■ Task directions ■
Skip all pictures. Set down only the lines starting at the line containing "The next thing" and running to the end of the listing.

■ Raw data ■
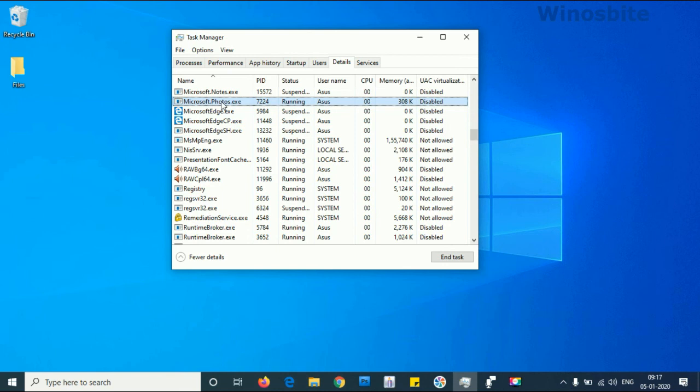This Microsoft.photos.exe won't be running anymore. So these are the two ways that you can use to disable this application. If you like this video, don't forget to like and subscribe to my channel.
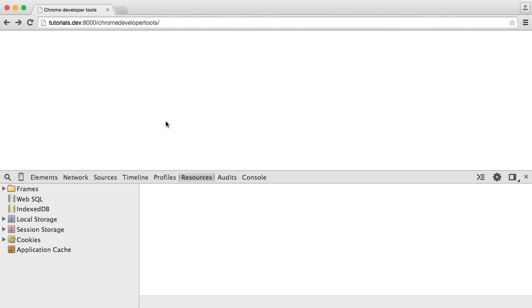The next thing that we're going to focus on is the Resources tab, which is particularly useful if you're working with things like sessions and cookies.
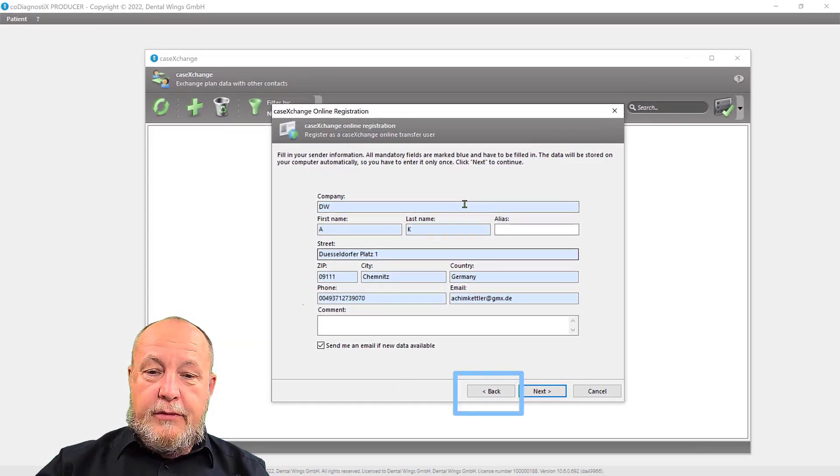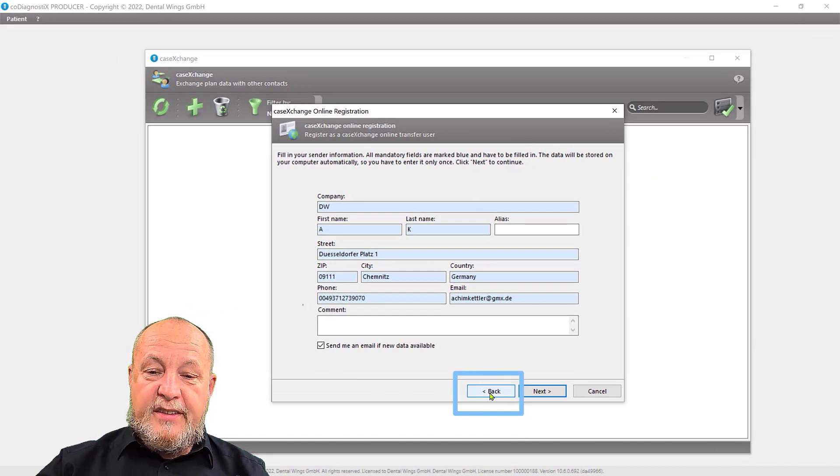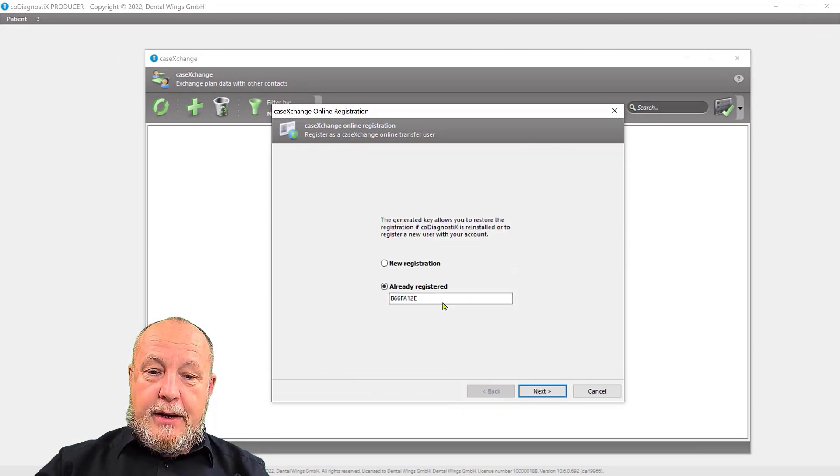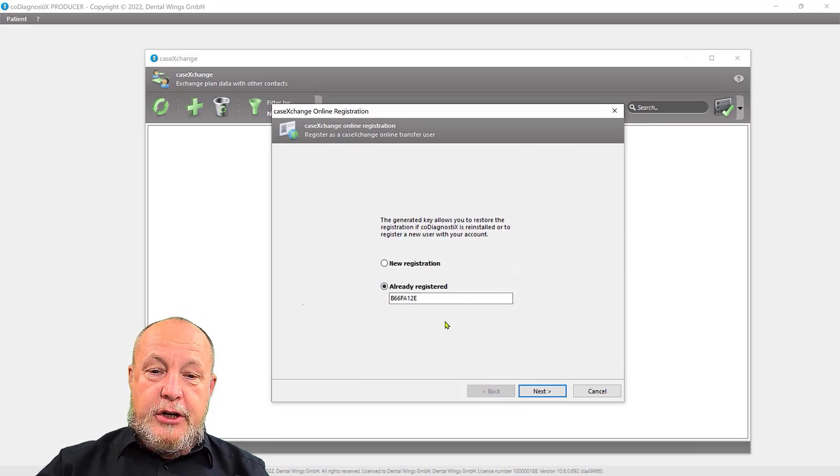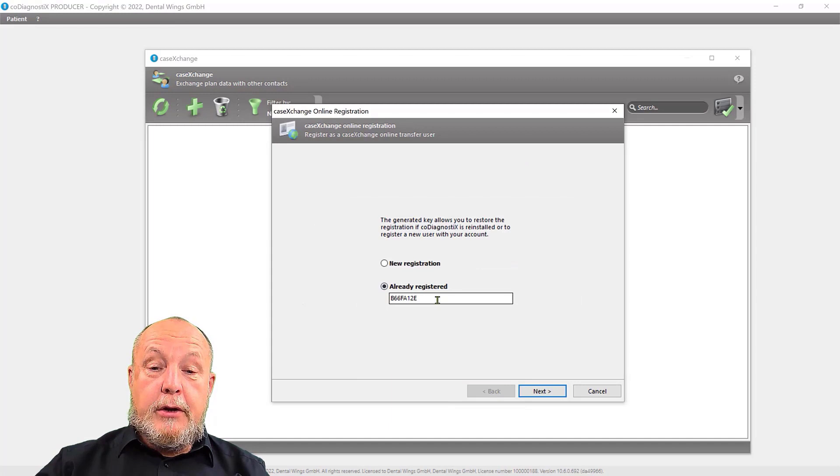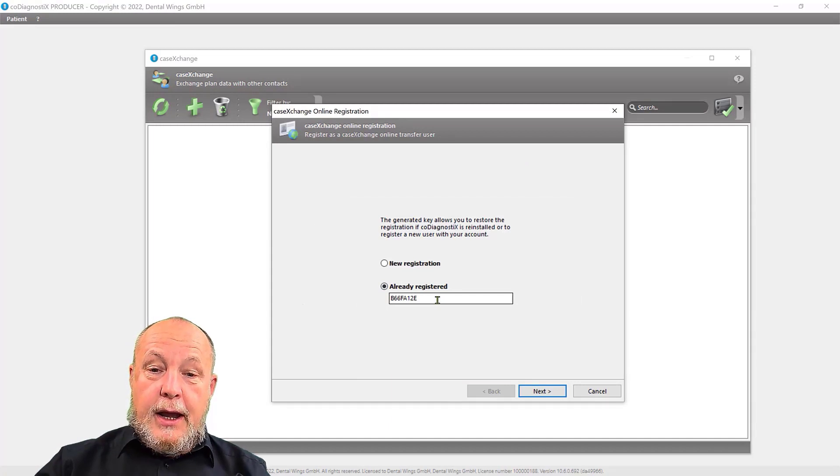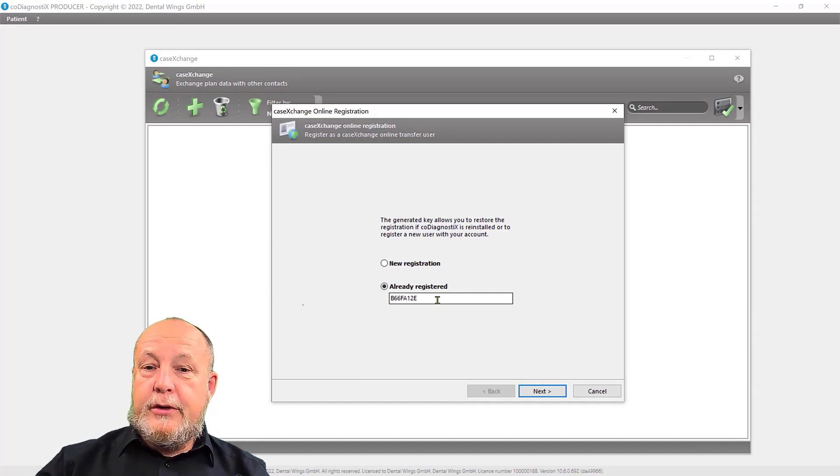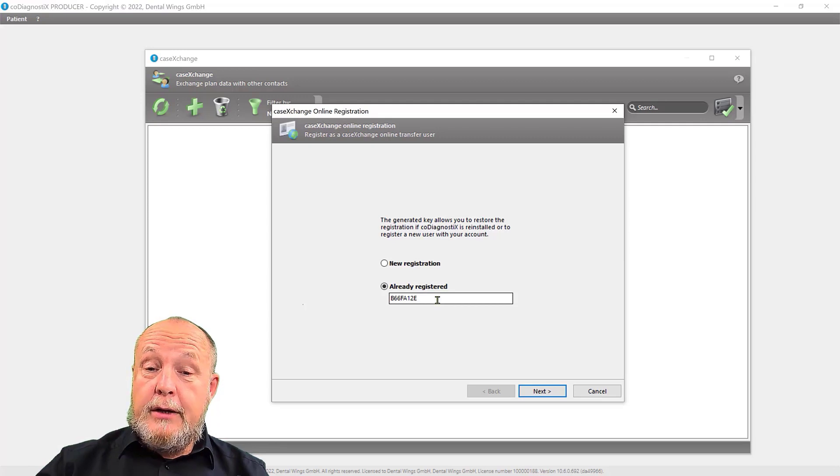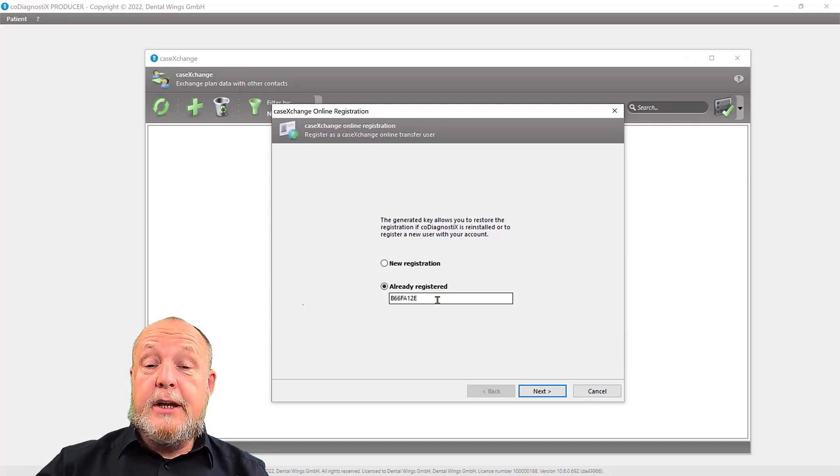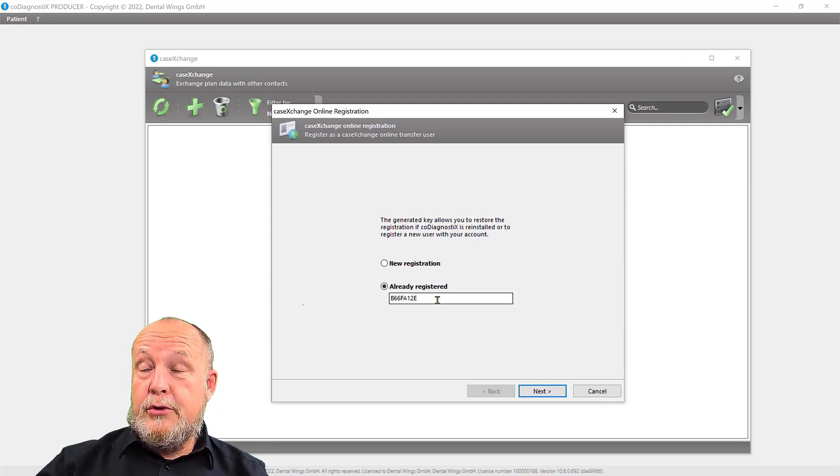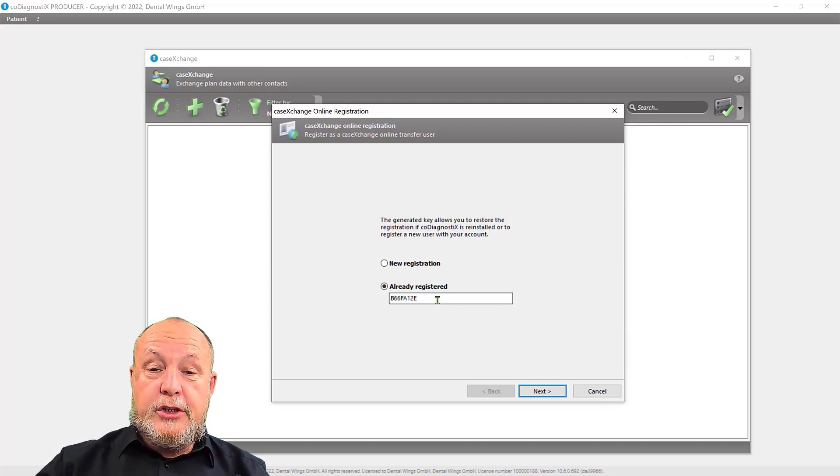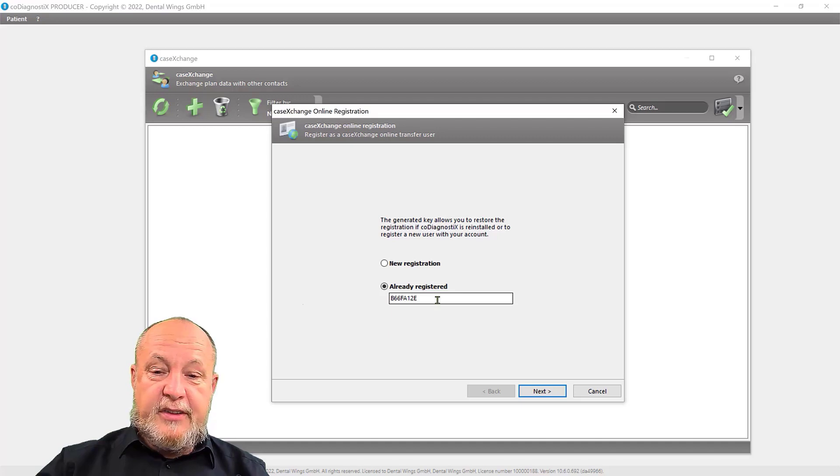And here you have the possibility to go one step back. And here you find your registration code, you can copy it, write it down and insert it already registered in your new CODiagnostics installation on the new computer, and all your connections will be there.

■ Answer for this exercise ■
The next thing that we're going to focus on is the Resources tab, which is particularly useful if you're working with things like sessions and cookies.
And here you have the possibility to go one step back. And here you find your registration code, you can copy it, write it down and insert it already registered in your new CODiagnostics installation on the new computer, and all your connections will be there.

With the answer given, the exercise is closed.